The SpaceX crew, from left, NASA astronauts Shannon Walker, Victor Glover, Mike Hopkins, and JAXA (Japan Aerospace Exploration Agency) astronaut Soichi Noguchi. Credit: AFP/NASA.

We watched as Crew Dragon astronauts suited up and prepared for launch — waving at onlookers and riding in white Teslas to the gantry at Kennedy Space Center in Florida.

That, and everything else, went perfectly.

The textbook blast-off, the crew monitoring their high-tech stations, and the return of the first stage, on a platform in the ocean.

Three Americans — Michael Hopkins, Victor Glover and Shannon Walker — and Japan’s Soichi Noguchi will blast off at 7.27 pm on Sunday, headed for the International Space Station.

When the team arrives, it will join NASA’s Kate Rubins and Russian space agency (Roscosmos) cosmonauts Sergey Ryzhikov and Sergey Kud-Sverchkov.

SpaceX launched four astronauts to the International Space Station on Sunday, the first full-fledged taxi flight for NASA by a private company, CBC news reported.

The Dragon capsule on top — named Resilience by its crew in light of this year’s many challenges, most notably Covid-19 — was due to reach the space station late Monday and remain there until spring.

Sidelined by the virus himself, SpaceX founder and chief executive Elon Musk was forced to monitor the action from afar. He tweeted that he “most likely” had a moderate case of Covid-19, CBC reported.

NASA policy at Kennedy Space Center requires anyone testing positive for coronavirus to quarantine and remain isolated.

Sunday’s launch follows by just a few months SpaceX’s two-pilot test flight.

It kicks off what NASA hopes will be a long series of crew rotations between the US and the space station, after years of delay. More people means more science research at the orbiting lab, the CBC reported.

“This is another historic moment,” NASA administrator Jim Bridenstine said Friday. But he noted: “Make no mistake: Vigilance is always required on every flight.”

The flight to the space station — 27½ hours door to door — should be entirely automated, although the crew can take control if needed.
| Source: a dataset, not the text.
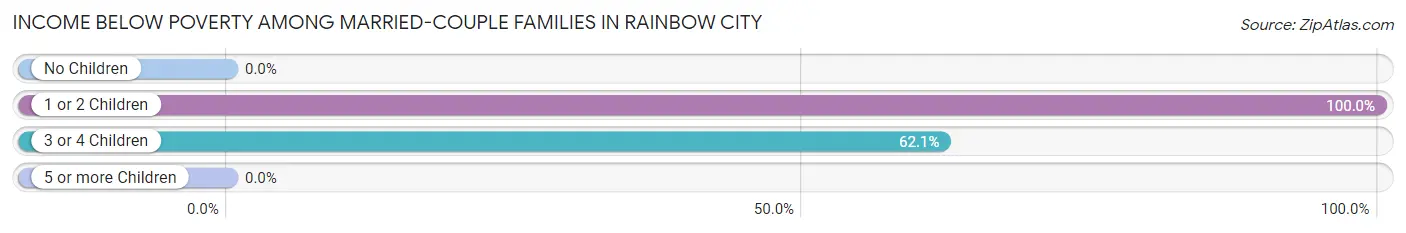 Income Below Poverty Among Married-Couple Families in Rainbow City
NASA turned to SpaceX and Boeing after shuttering the checkered Space Shuttle program in 2011, which failed in its main objectives of making space travel affordable and safe, Channel News Asia reported.

The Cargo Dragon capsule approaches the ISS on a previous, unmanned space mission. Credit: SpaceX.

The agency will have spent more than US$8 billion on the Commercial Crew program by 2024, with the hope that the private sector can take care of NASA’s needs in “low Earth orbit” so it is freed up to focus on missions to the Moon and then on to Mars.

SpaceX, founded by Musk in 2002, has leapfrogged its much older rival Boeing, whose program has floundered after a failed test of its Starliner last year, CNA reported.

But SpaceX’s success won’t mean the US will stop hitching rides with Russia altogether, said Bridenstine.

“We want to have an exchange of seats where American astronauts can fly on Russian Soyuz rockets and Russian cosmonauts can fly on commercial crew vehicles,” he said, explaining it was necessary in case either program was down for a period of time.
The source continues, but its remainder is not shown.